Several years of unconscionable exploitation of crude oil
with no concomitant sustainability and ethical programmes
by the multinational oil companies had left most parts of
Niger Delta region ecologically degraded, with both fauna
and flora endangered, the land infertile, the rivers and
all in-dwelling lives poisoned and the people
impoverished. This, coupled with the Federal governments
infrastructural neglect of the area in spite of billions
of dollars realised every year from the oil exploitation,
constituted callous human rights abuse which inspired
Saro-Wiwa to activism.
Saro-Wiwas energies and passion for procuring
justice for his people were so remarkable that he became
the symbol of the struggles. His philosophy of non-violent
struggles found parallelism in the ideology of the late
popular African-American activist, Martin Luther King,
and he was adored by many for this.
Saro-Wiwa was a total fighter who believed in using all
his God-given abilities to propagate, protect and promote
a cause.
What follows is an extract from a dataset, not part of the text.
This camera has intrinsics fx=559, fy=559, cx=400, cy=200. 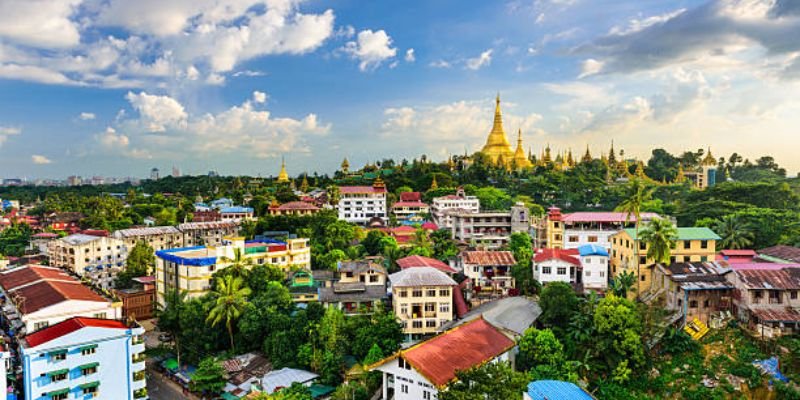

You would see him writing, speaking, tutoring,
campaigning, all in a bid to put across a message- that
Ogoni people, and indeed the people of Niger Delta
deserved to be protected against the broadside of mans
inhumanity to man borne out of sheer economic greed.
In propagating his single-themed survivalist crusade,
Saro-Wiwa travelled all over Nigeria and the world. He
sponsored documents of the abuses to the United Nations
as evinced in instruments like Ogoni Bill of Rights.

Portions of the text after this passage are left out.